UG sex-for-grades probe: Lawyer calls for chairperson of committee to step aside

Martin Kpebu, private legal practitioner Martin Kpebu, private legal practitioner

A private legal practitioner in Ghana, Lawyer Martin Kpebu is advocating for the Chairperson of the University of Ghana’s Anti-Sexual Harassment Committee to step aside from investigating lecturers fingered in the Sex-for-grades documentary due to comments she passed earlier on the subject, ABC News can report.

Mr. Martin Kpebu contends that for the general public to consider the recommendations of the committee as fair, the Chairperson of the committee Dr. Margaret Amoakohene must recuse herself from all the probing processes.

Dr. Amoakohene reportedly said allegations of sex for grades according to the BBC documentary lacked basis per the available evidence.

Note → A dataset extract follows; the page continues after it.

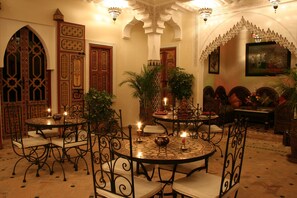 Lunch and dinner served, Moroccan cuisine - Riad Sofia (Marrakech)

She said in a Starr FM interview that, “Per the analysis on the video, there’s no direct correlation between lecturers’ conduct and the allegations made by the video. The evidence does not point to sex for grade. When we talk of sex for grade, we didn’t see much involvement of the lecturers of the University of Ghana”.

On the basis of this, Martin Kpebu is of the view that the chairperson of the University’s anti-sexual harassment committee ought to step aside in order to have a smooth probe.

Commenting on the issue on Newsfile on Saturday, the legal practitioner admitted said “this is the same professor who sat on the committee and they have dismissed other lecturers , about three lecturers. She has been on the Committee and she had done a good job,” Lawyer Kpebu admitted.



He continued that “personally I do not think that she necessarily has prejudiced the matter but because of her general statement that justice not only ought to the done but ought to be manifestly seen to be done, I think Dr Amoakohene should recuse herself.”

Professor Ransford Gyampo and Dr. Paul Kwame Butako, two lecturers of the University of Ghana have been interdicted by university authorities over their alleged acts in a BBC documentary on Sex-for-grades in some universities on the continent pending the outcome of a committee report on their said conducts. The lead journalist in the undercover investigation, Kiki Mordi sought to establish that the practice of lecturers demanding sexual favours from female students in exchange for grades are prevalent in West African universities.